Years ago on the online auction site eBay, I spotted a large freestanding interior die break on the reverse of a broadstruck 1999 cent that took out most of STATES OF along with most of E PLURIBUS UNUM.
Once the bid price exceeded $100, knowing that die errors repeat and in the hopes of getting one cheaper, I figured I’d wait for another example to pop up. That never happened. As far as I know, that piece is the only one in existence.
This is not by any means an unusual occurrence. Even though die errors are repetitive in nature (each die pair is capable of striking numerous planchets), many noteworthy die errors are represented by only one or two examples.
The reasons for such scarcity are many, but it generally does not involve a defective coin being intercepted by a riddler or other mechanical sorting device. Unless we’re talking about a collar break or a rare wide collar error, a die error does not alter a coin’s dimensions.
A die may experience catastrophic damage or failure, leaving it incapable of striking more than a handful of coins. The illustrated 1981 Lincoln cent has an enormous (50 percent) cud on the reverse face. This is the only example I’ve seen of this unlisted die break. It’s unlikely that the remainder of the reverse die lasted much longer.
Traditional hand inspection of coins randomly selected from a newly-struck pile undoubtedly plays a part in generating unexpected scarcity.
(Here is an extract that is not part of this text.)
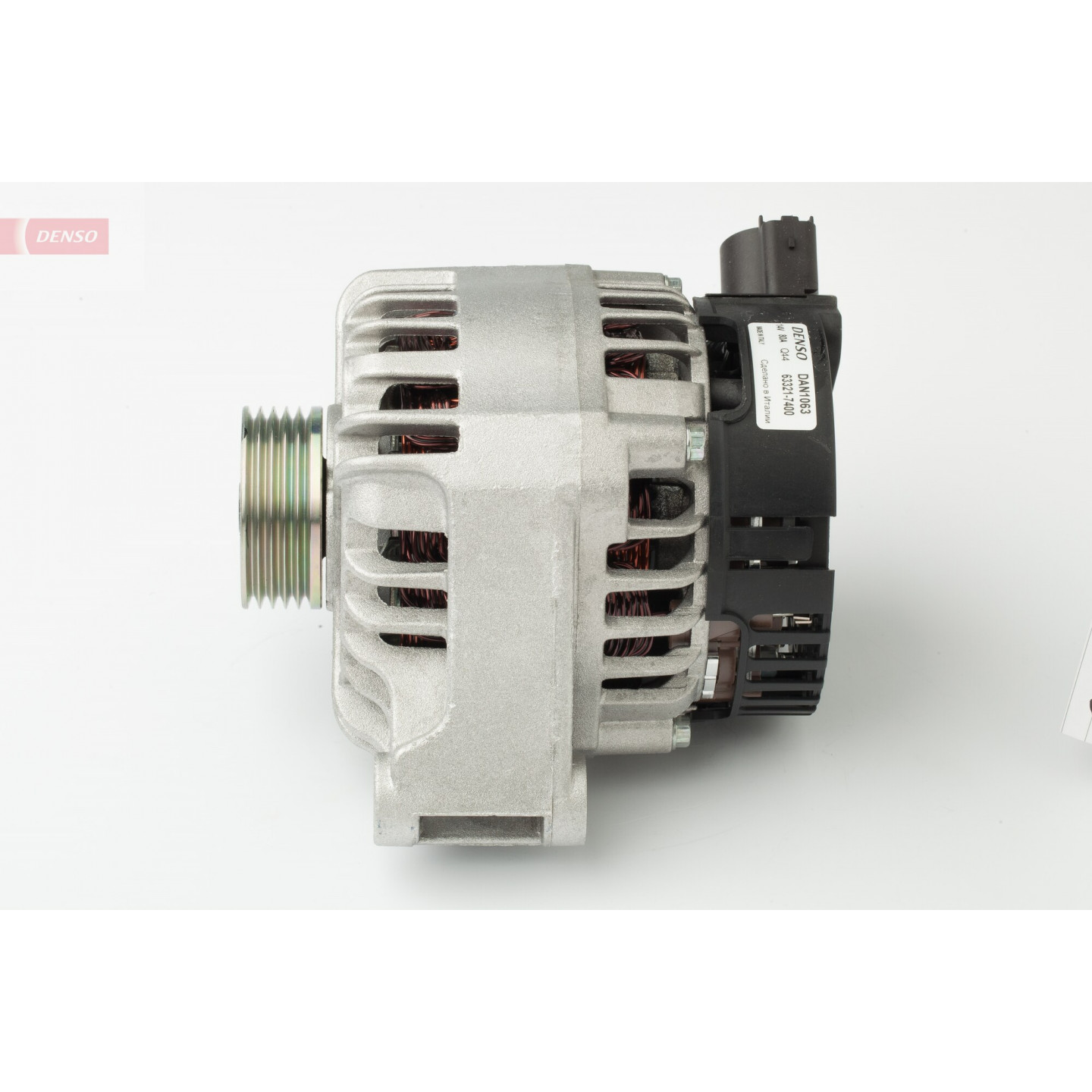 Generator DENSO DAN1063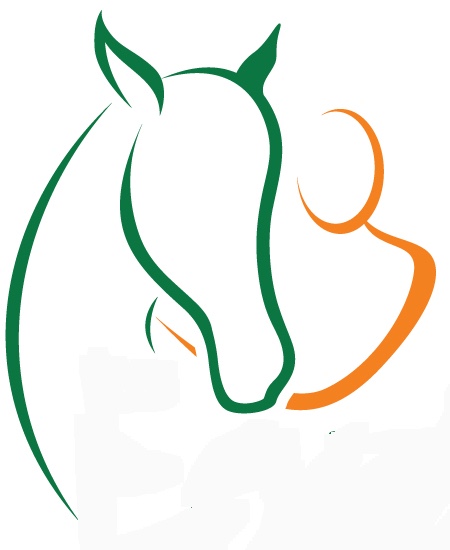 Logo Praktijk de Kouwenberg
Once a die defect is discovered, the production run is typically destroyed, but a few stragglers might escape in the recesses of a tray, tote bin, or conveyor.
I suspect this is the reason why only two examples are known of the dramatic Type II counterclash found on the obverse face of a 1999-P Delaware quarter dollar (Collectors’ Clearinghouse, Sept. 29, 2008). The counterclash consists of a raised copy of the name CAESAR RODNEY offset due south from the normal version.
Patterned die damage of such clarity is not likely to escape notice. Both of the known pieces represent a late die state, and the degree of die wear affecting the extra letters matches the rest of the coin. This would indicate that the counterclash occurred fairly early in the press run.
I suspect the two known pieces lagged behind or were trapped in a conveyor or became lodged in the exit portal of the press. Those coins struck earlier in the press run were probably consigned to the smelter.
A particular die error might be relatively common in circulation but poorly represented in collections. Extremely subtle die defects might simply escape scrutiny. However, given the effort die variety collectors expend in finding the most microscopic of doubled dies and repunched Mint marks, there’s clearly something else at work. It might come down to the limited range of die varieties and die errors that resonate with collectors. Something entirely unfamiliar may not register. Even if noticed, the defect might generate no more than a shrug or a “huh,” followed by a desultory toss back into the change jar.